If I'm going to spend $14k on *anything*, it better come with better pics than that. I guess he's asking $14k so he can afford a camera that doesn't suck.


----------



## bulb (May 11, 2006)

sketchy sketchy, if he is serious, he should at least have a better rating...


----------



## steve777 (May 11, 2006)

#%@#@% ebay! Unfortunately, for every 1 decent person on there, there are a handful of these douchebags looking to rip people off. I hate that fucking shithole!

Not to mention, that even if I were a worth millions, there is no guitar I would pay 14k for when you could get 5-6 fantastic guitars for that price. When it comes to owning guitars, less can never equal more. Just my 2 pennies.


----------



## giannifive (May 11, 2006)

Nice! If only there were some $13,000 7-string PAFs I could put in it...


----------



## bostjan (May 11, 2006)

giannifive said:


> Nice! If only there were some $13,000 7-string PAFs I could put in it...



 !!!


----------



## 7 Dying Trees (May 11, 2006)

giannifive said:


> Nice! If only there were some $13,000 7-string PAFs I could put in it...


----------



## bulb (May 11, 2006)

HAHAHA! probably cousins or something..


----------



## Chris (May 11, 2006)

14k, and the fucker doesn't even toss in shipping? Sheesh!


----------



## Michael (May 11, 2006)

Gosh  

 That's just stupid!


----------



## The Dark Wolf (May 12, 2006)

giannifive said:


> Nice! If only there were some $13,000 7-string PAFs I could put in it...


*high 5* No shit, ha ha.


----------



## Naren (May 12, 2006)

What is with all this ridiculously expensive shit on e-bay lately? $14,000 without shipping included and with only 2 so-so pictures with him "not sure whether there are any imperfections." This guy is trying to rip someone off. And I'm guessing he bought the guitar himself for $800 or so.


----------



## skyclad (May 12, 2006)

Naren said:


> And I'm guessing he bought the guitar himself for $800 or so.

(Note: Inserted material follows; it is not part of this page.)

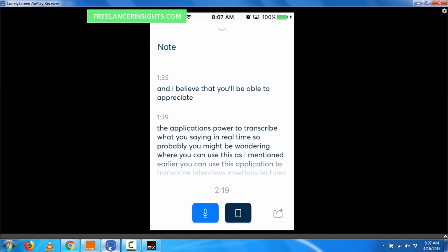Feel free to leave comments below, like the video, share with your friends and let them all know that you can easily transcribe interviews and meetings in real time with just a single application. My name is David and thank you so much for watching this video until next time. Bye bye.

strongly doubt. Can be $8K...


----------



## Rick (May 12, 2006)

I don't remember Wes using a 7-string.


----------



## XEN (May 12, 2006)

rg7420user said:


> I don't remember Wes using a 7-string.


You don't remember him using a 7 string PRS, or you don't remember him using a 7 at all? 
Wes was featured on the free video Ibanez used to give you with the purchase of every 7 string. Of course he tuned it kinda weird, but what would you expect??


----------



## Rick (May 12, 2006)

I don't remember him using a 7-string PRS. I remember when he used a 7 string Ibanez.


----------



## metalfiend666 (May 12, 2006)

rg7420user said:


> I don't remember him using a 7-string PRS. I remember when he used a 7 string Ibanez.


 
They made him a couple of 7 strings just after he moved to them, but he decided he wanted to go back to 6 strings.


----------



## Drew (May 12, 2006)

skyclad said:


> strongly doubt. Can be $8K...



I think that's approximately what this guitar sold for last time it was on the market.


----------



## noodles (May 12, 2006)

giannifive said:


> Nice! If only there were some $13,000 7-string PAFs I could put in it...



 OMG that was great!


----------



## grimmchaos (May 12, 2006)

Better come with a free russian mail-order bride too for that price!


----------



## Firebeard (May 12, 2006)

Hedoh! I Svelchazki! I come wit how you say....gi-tah!


----------